Geoffrey of Monmouth (Latin Galfridus Monemutensis, d. c. 1155) was a writer and cleric best known for his Historia Regum Britanniae ("History of the Kings of Britain"), an imaginative and often fanciful account of the kings of Britain from its foundation by Brutus, great-grandson of the Trojan hero Aeneas, the legendary ancestor of the Romans, to Cadwaladr, a 7th century king of the Welsh kingdom of Gwynedd, and including an early and influential account of the reign of King Arthur.
Judging by his name, Geoffrey was born, or at least brought up, in Monmouthshire in south Wales. Later tradition names his father as Arthur. His signature appears on six charters connected with religious foundations in the Oxford area dated between 1129 and 1151, two of which bear the title magister (master, teacher). He may have been an Augustinian canon of the secular college of St. George's, where Archdeacon Walter was Provost, during much of this time. It was during his time at Oxford he produced his literary work.
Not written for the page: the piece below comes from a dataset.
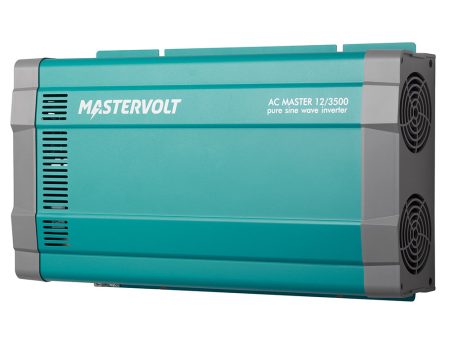 Mastervolt AC Master 12 3500 (230V) Inverter [28013500] Supply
In 1151 he became Bishop Elect of St. Asaph in north Wales. He was ordained as a priest in February 1152, and was consecrated by Archbishop Theobald at Lambeth a week later. He was one of the bishops who witnessed the 1153 Treaty of Westminster between King Stephen and Henry Fitz-Empress. He died, according to the Welsh Chronicles, in 1155, apparently never having visited his diocese.
Geoffrey's first work was apparently the Prophetiae Merlini ("Prophesies of Merlin"), which he claimed to have translated into Latin at the request of Alexander, Bishop of Lincoln. These prophesies, and the dedication to Bishop Alexander, were later incorporated into a longer work, the Historia Regum Britanniae, which he finished c. 1136.
The Historia also claims to be a translation, from "a certain very ancient book in the British language" given to Geoffrey by Walter, Archdeacon of Oxford, but few scholars take this seriously, or at least at face value. Geoffrey probably drew on Welsh sources now lost, but much of his material can be identifiably traced to Latin sources such as Gildas, Bede and the 9th century Historia Brittonum. Several Middle Welsh versions of the Historia exist, but all are later than Geoffrey and are considered translations or adaptations of his work.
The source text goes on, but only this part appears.